Uma análise sobre a PEC que institui um teto para os gastos públicos, que segue a desvinculação das receitas da união.
O artigo “Teto de despesas teria tirado R$ 1,8 trilhão do Orçamento desde 2007”, publicado pelo jornal Valor Econômico semana passada, repercute uma simulação da aplicação da proposta de emenda à constituição (PEC) que institui um teto para gastos públicos. Trata-se de um conteúdo para reforçar a defesa editorial do órgão, que representa setores altamente articulados da oligarquia brasileira.
A matéria de Cristian Klein baseia-se em um estudo da Diretoria de Análise de Políticas Públicas, da Fundação Getúlio Vargas. Segundo o levantamento, caso a medida proposta por Michel Temer e sua equipe econômica fosse aplicada a partir de 2007 até 2015, seriam necessários cortes na casa de R$ 1,82 trilhão. Esse intervalo de tempo de nove anos é o mesmo proposto no projeto enviado em 16 de junho ao Congresso Nacional, podendo ser validado por até 20 anos.
Essa projeção torna gráfica a acusação desferida pelos veículos de comunicação burgueses do Brasil sobre a disparada de gastos públicos nas gestões petistas. Para seus acusadores, uma versão da PEC em tramitação deveria ter sido aprovada já na década passada. Contudo, os últimos alçados ao Palácio do Planalto pelo voto foram Luiz Inácio Lula da Silva e Dilma Rousseff.

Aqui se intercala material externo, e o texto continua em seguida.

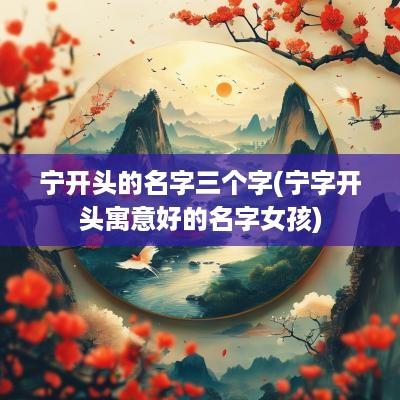 宁开头的名字三个字(宁字开头寓意好的名字女孩)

Ambos concebiam a possibilidade de todos ganharem estimulando o capitalismo. Desde 2002, geriram a máquina do estado alegando vocação para reformas sociais. Entretanto, essa concepção entrou em choque com a realidade, marcada por uma crise geral do regime capitalista. Os aumentos dos gastos públicos representaram uma continuação das condições de miserabilidade às quais a sociedade brasileira estava submetida.
Os programas sociais respondiam às pressões vindas da classe trabalhadora e da juventude, base eleitoral do Partido dos Trabalhadores, assim como de seus aparatos sindicais e nos movimentos. Contudo, apresentadas como reformas, as ações sempre submetiam os anseios populares aos negócios capitalistas. Mesmo com um crescimento considerável, os gastos aprofundavam as condições sociais de opressão e exploração.

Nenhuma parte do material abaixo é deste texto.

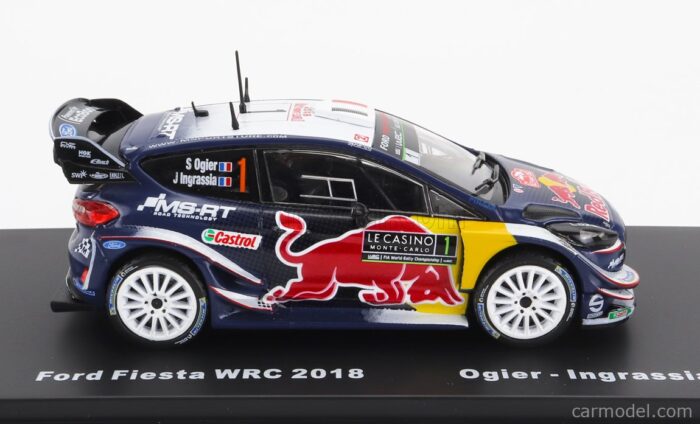 Ford Fiesta WRC No1 Red Bull Rallye WM Rallye Monte Carlo Ogier/Ingrassia 2017 AAWRC501A - Image 3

Agora, imaginemos um Brasil onde, desde 2007, a despesa pública não pudesse crescer acima da inflação do ano anterior. Se há reclamações sobre os péssimos serviços públicos, se há uma angústia diante da falta de perspectivas, se mobilizações estudantis crescem, se greves aumentam em duração e qualidade, um Brasil que tivesse passado pela “grecialização” teria hoje sua população pauperizada e níveis de vida muito inferiores aos identificados.
A PEC do teto dos gastos públicos aumenta o ritmo do descontentamento das classes trabalhadoras e da pequena burguesia. Contudo, como podemos depreender das experiências recentes de outros países, uma medida como essa nunca para por aí. Os agentes econômicos do capitalismo querem reduzir o custo do trabalho no Brasil, com arrocho salarial das massas proletárias – tanto direto como indireto, representado pelos serviços públicos -, e fazê-las acostumarem-se a viver com menos, e em piores condições.

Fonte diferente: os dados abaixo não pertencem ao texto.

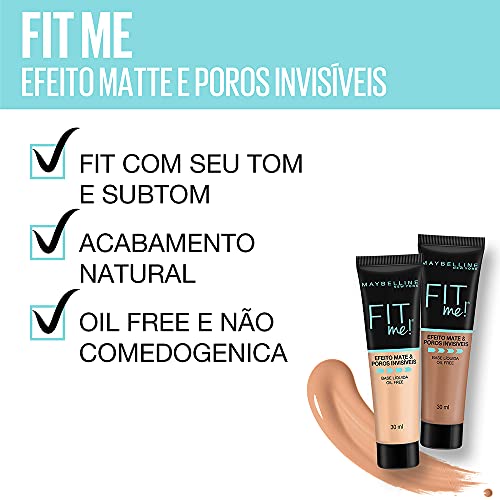 Base Líquida Maybelline Fit Me N70 Efeito Matte, 30ml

A crítica burguesa aos orçamentos dos governos Lula e Dilma, neste momento, vem acompanhada das esperanças em um teto de gastos públicos e na desvinculação das receitas da união. Seus propagadores partem do pressuposto comum de alcançar superávit primário para barrar a evolução da dívida pública brasileira.
No final do ano passado, o valor bruto dessa dívida chegou a R$ 3,927 trilhões, ou 66,2% do Produto Interno Bruto (PIB). A ONG Auditoria Cidadã da Dívida revelou gastos com essa dívida em 2015 de R$ 962,210 bilhões pelo governo de Dilma, equivalente a 42% do gasto federal. Nesse mesmo período, o despendido com educação e saúde não passou da média de 4% cada. Em valores brutos, somente os gastos com a dívida pública não sofreram cortes no orçamento.
A súplica pela aplicação da PEC do teto para os gastos públicos e a palavra de ordem “Volta Dilma”, que representa a continuidade da mesma lógica aplicada pelos governos petistas, pressupõem inevitável a submissão aos mecanismos da dívida pública do Brasil. Esse é o centro nervoso de uma inversão de rumos para a sociedade brasileira.
Longe de ser uma mera transação monetária, esse dispositivo tem um caráter político dentro da configuração do capitalismo mundial. É graças à subordinação do país ao seu pagamento que o Brasil mantém-se como país atrasado e dominado pelas nações imperialistas. Essa condição real de nosso país produz toda a espécie de miserabilidade, barbárie, obscurantismo e condições deploráveis de existência humana que assistimos cotidianamente.